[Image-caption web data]
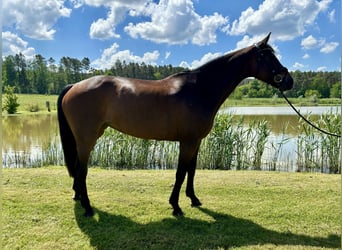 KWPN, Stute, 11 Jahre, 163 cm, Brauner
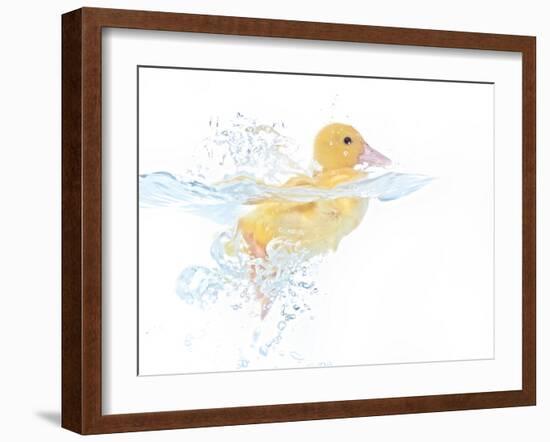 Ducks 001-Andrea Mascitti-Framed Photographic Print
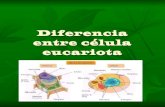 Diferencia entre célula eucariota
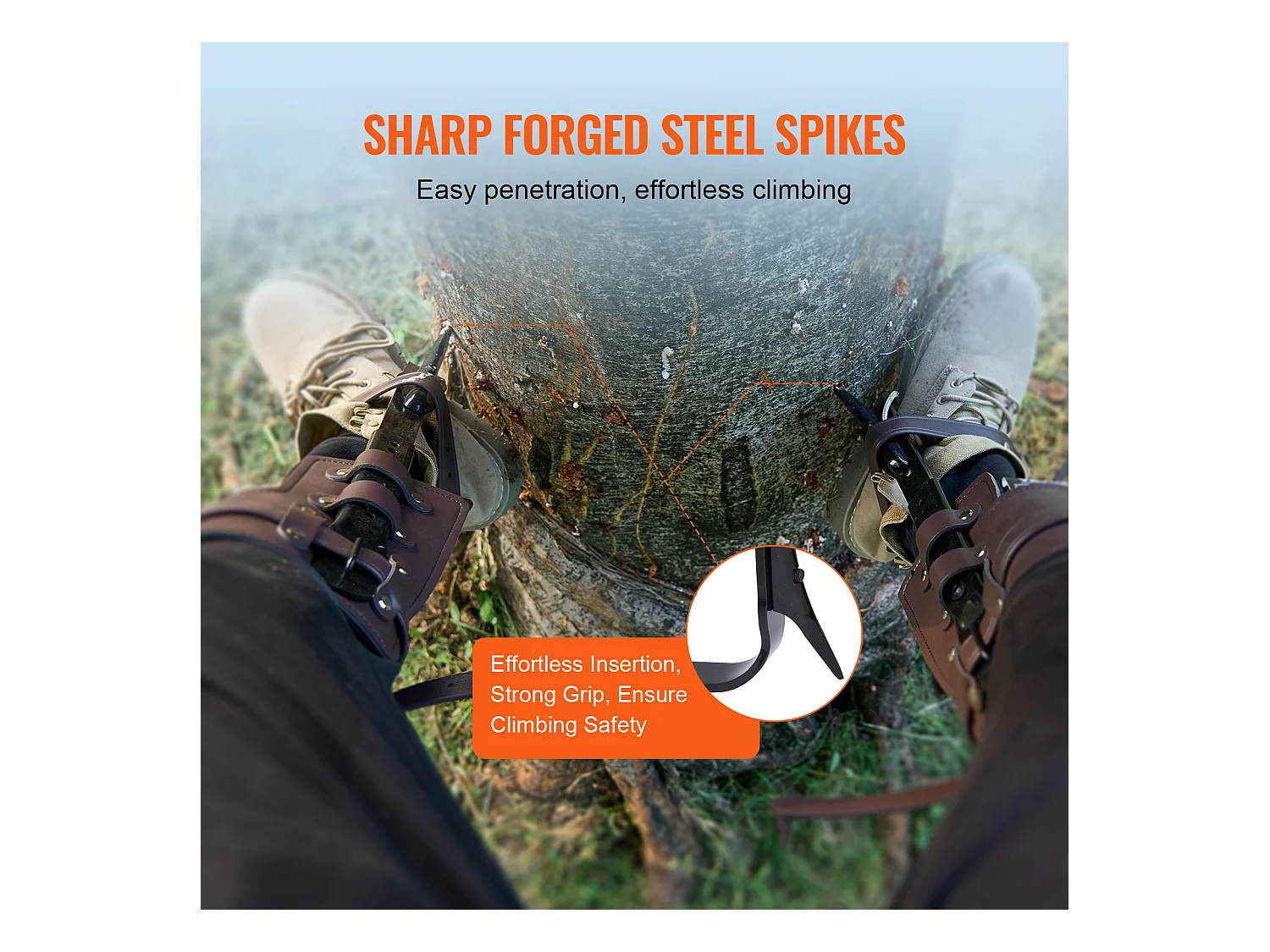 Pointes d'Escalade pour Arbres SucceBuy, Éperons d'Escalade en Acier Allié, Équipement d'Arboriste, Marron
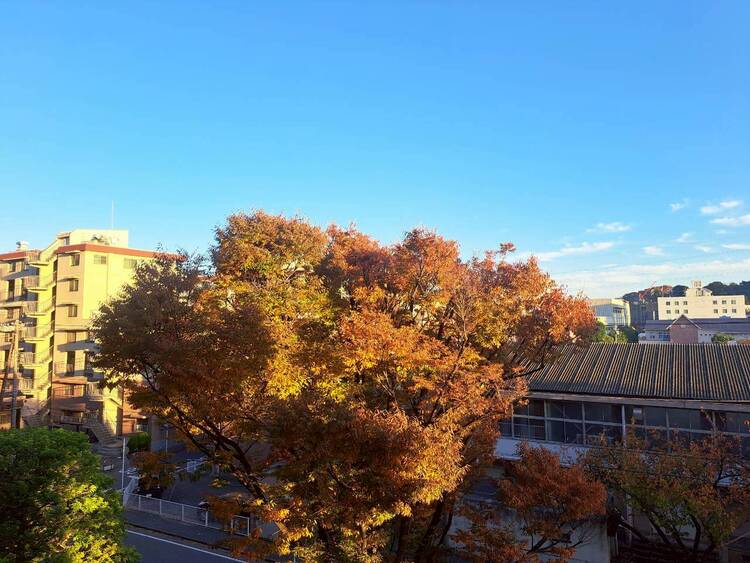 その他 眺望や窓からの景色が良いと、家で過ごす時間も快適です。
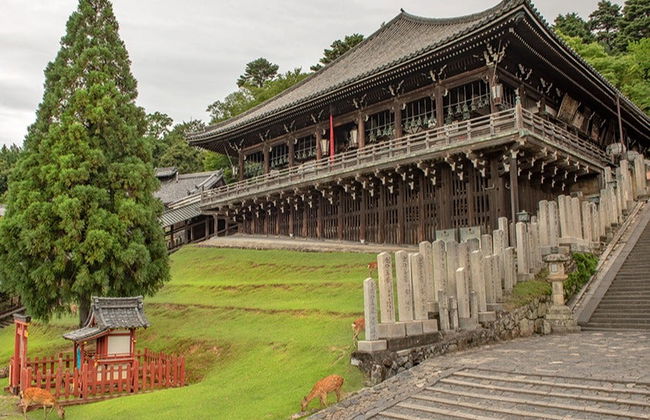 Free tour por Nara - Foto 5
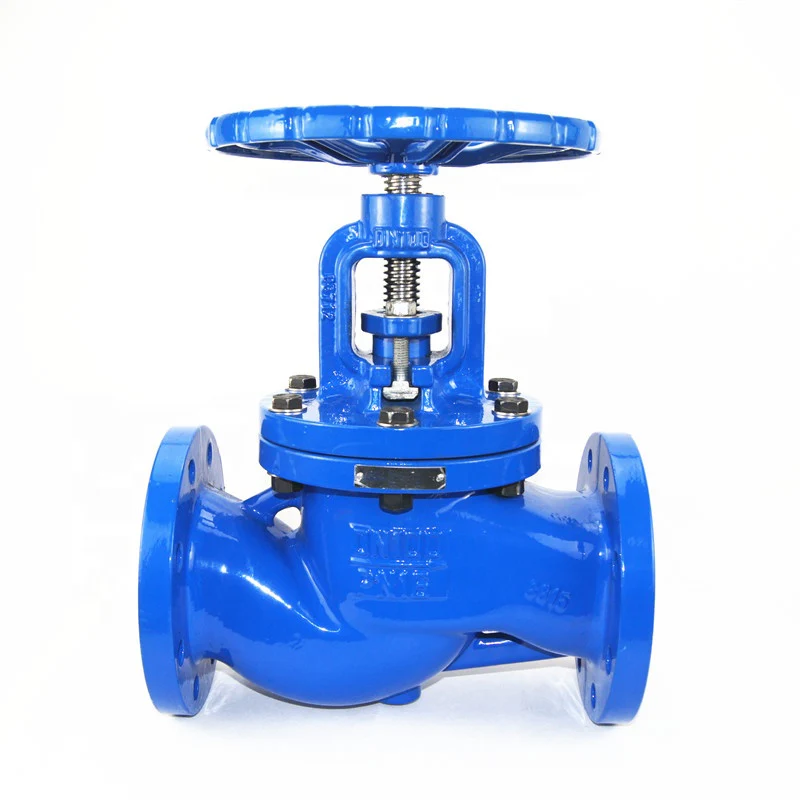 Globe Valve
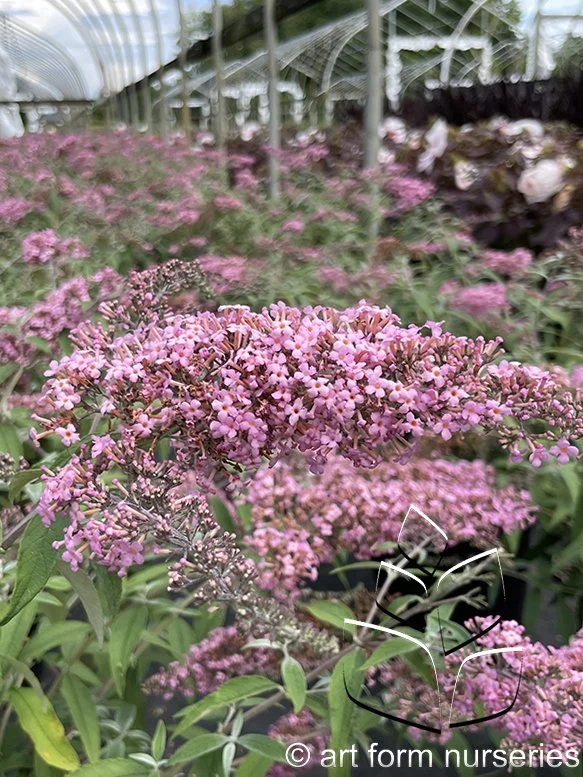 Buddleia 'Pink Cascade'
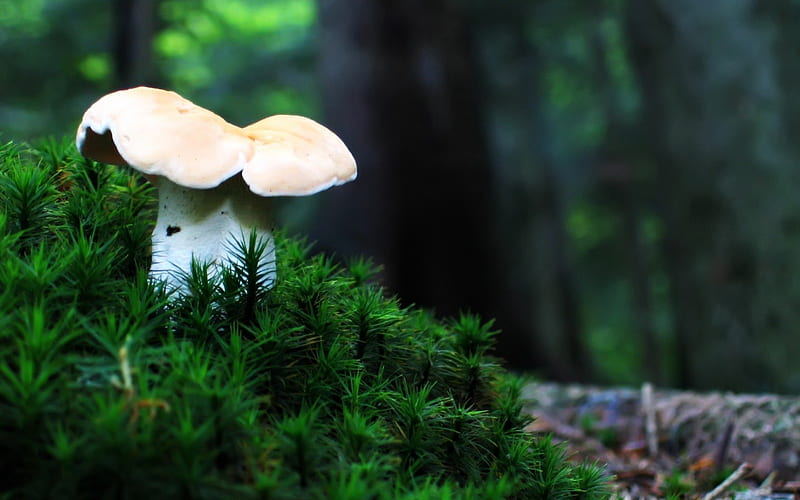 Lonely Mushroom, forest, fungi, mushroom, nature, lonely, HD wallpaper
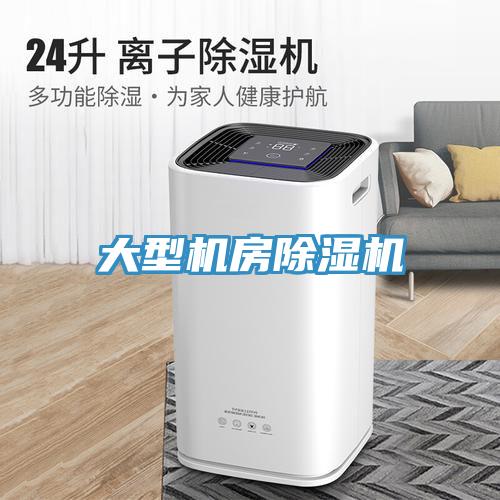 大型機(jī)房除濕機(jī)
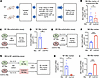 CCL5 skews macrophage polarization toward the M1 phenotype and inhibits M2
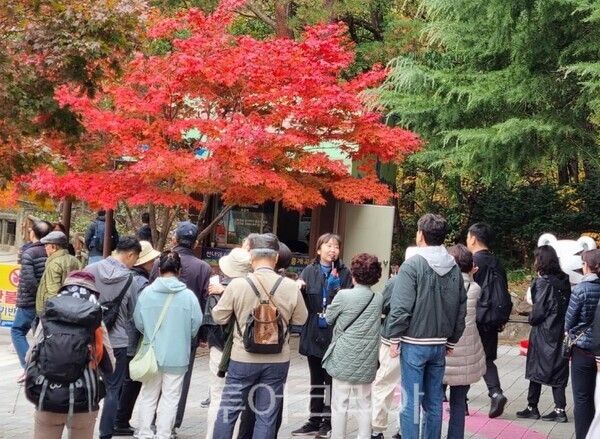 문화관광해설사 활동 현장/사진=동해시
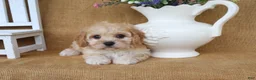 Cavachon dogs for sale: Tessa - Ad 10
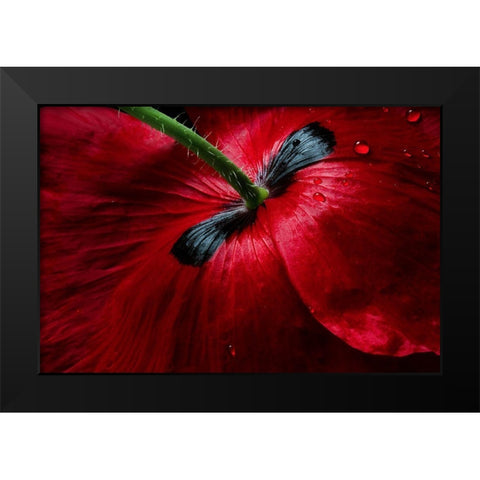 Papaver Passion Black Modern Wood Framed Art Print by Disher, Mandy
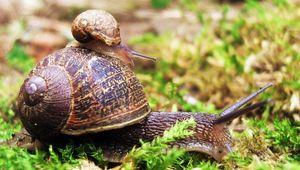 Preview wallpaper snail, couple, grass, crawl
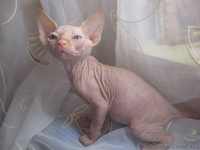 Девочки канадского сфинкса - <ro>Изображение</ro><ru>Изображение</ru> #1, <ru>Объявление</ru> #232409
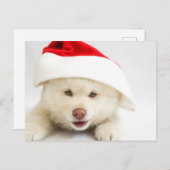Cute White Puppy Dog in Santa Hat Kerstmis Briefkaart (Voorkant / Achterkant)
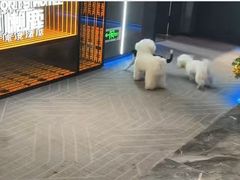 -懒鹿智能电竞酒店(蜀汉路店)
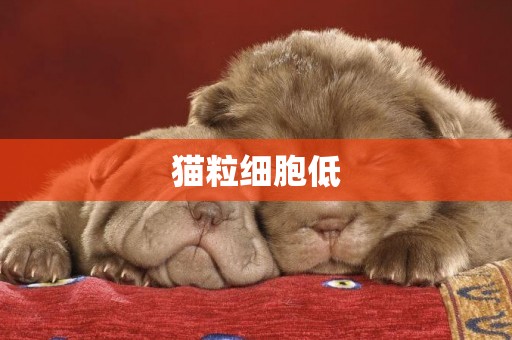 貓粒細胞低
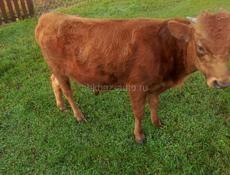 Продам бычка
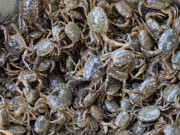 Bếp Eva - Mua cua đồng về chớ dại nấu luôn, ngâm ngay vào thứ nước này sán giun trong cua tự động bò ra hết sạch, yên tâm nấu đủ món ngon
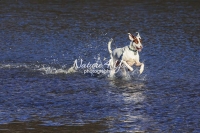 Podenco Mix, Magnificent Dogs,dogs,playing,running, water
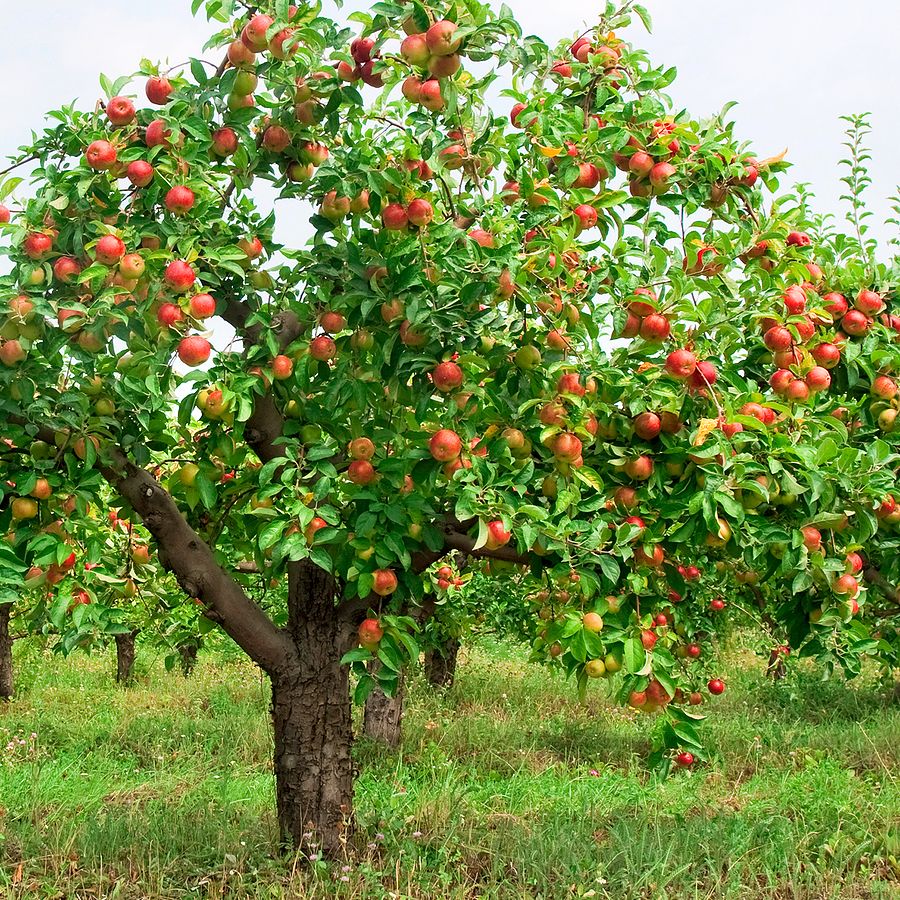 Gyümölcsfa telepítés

### WHAT YOU HAVE TO DO:
Write out the lines from the line with "Продам бычка" through the end of the records exactly; do not include pictures or any other lines.

### RESPONSE:
 Продам бычка
 Bếp Eva - Mua cua đồng về chớ dại nấu luôn, ngâm ngay vào thứ nước này sán giun trong cua tự động bò ra hết sạch, yên tâm nấu đủ món ngon
 Podenco Mix, Magnificent Dogs,dogs,playing,running, water
 Gyümölcsfa telepítés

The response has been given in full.